Materials Processing Institute in the UK is developing ‘the world’s first zero emissions cement’ on an industrial scale after a successful R&D trial.
Cement 2 Zero uses recycled cement as the flux in the electric steel recycling process. When cooled and ground, the by-product delivers Portland cement clinker that can be blended to make ‘green’ cement.
The innovative work was carried out using the institute’s seven-tonne electric arc furnace on its Teesside campus. Doing so enabled engineers to observe how the process works on a large scale.
The preliminary findings are ‘encouraging’, according to Chris McDonald, ceo at the Materials Processing Institute. ‘The initial trial melt is a critical part of the project and a huge step towards creating a more efficient, environmentally friendly, and resource conscious manufacturing process contributing to the decarbonisation of the construction, cement and steel sectors.’
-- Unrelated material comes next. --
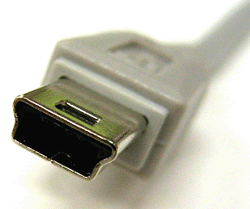 デジタルカメラ側に接続する USB ケーブルのコネクタ形状は「ミニ B タイプ」になります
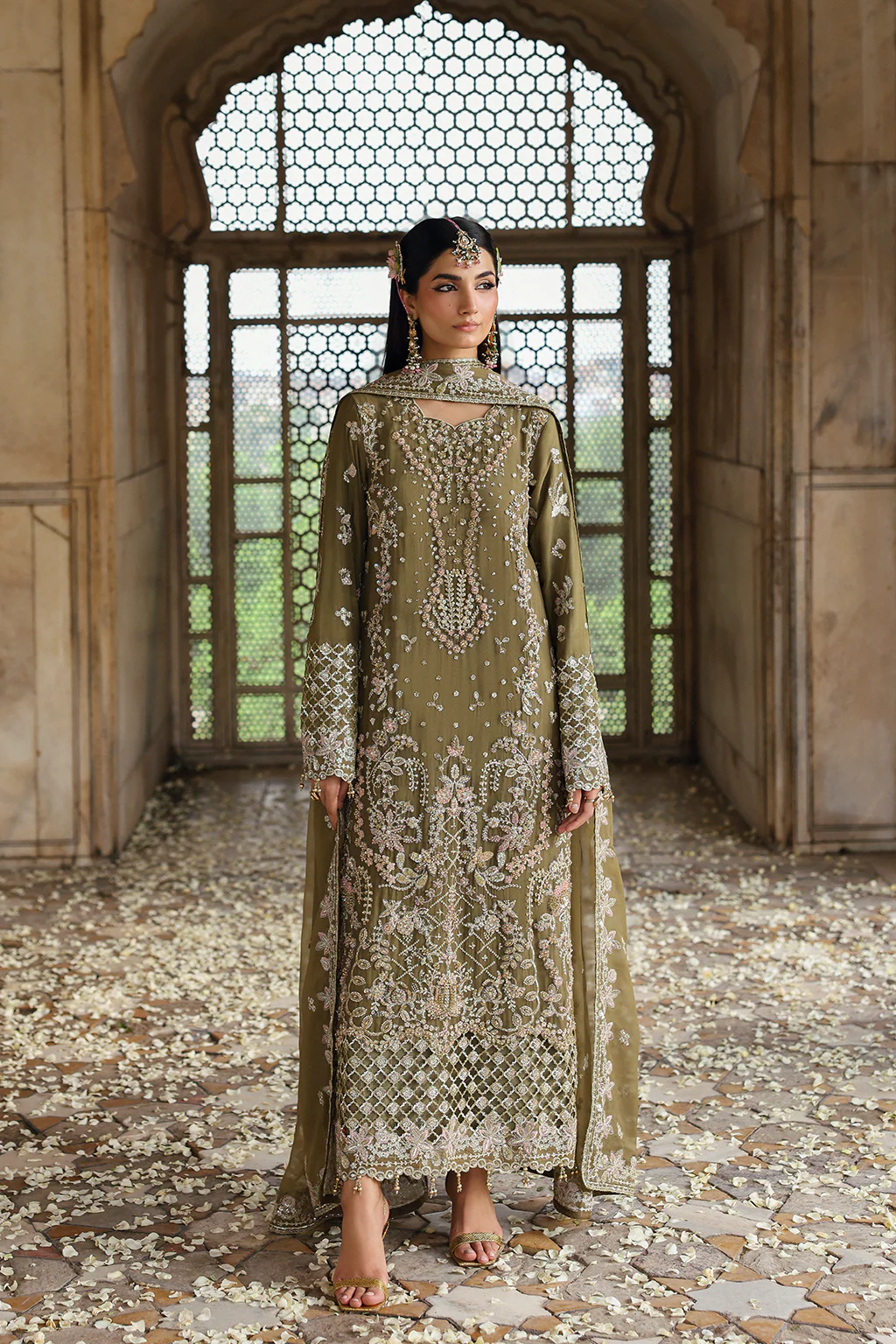 Emaan Adeel Olivea Romansiyyah Luxury Formal 2025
Three further melt tests will be carried out using the institute’s furnace. Following a series of further trials and risk assessments, the engineers will conduct industrial scale trial melts at Celsa Steel in Cardiff.
Other industry partners collaborating in the Cement 2 Zero project include Atkins, Balfour Beatty, Day Aggregates and Tarmac. Together, they have secured £6.5 million (EUR 7.5 million) of funding from the Government’s UK Research and Innovation agency.
The initial method was discovered by Cyrille Dunant at the University of Cambridge who found that the chemical composition of used cement is virtually identical to that of the lime flux used in conventional EAFs.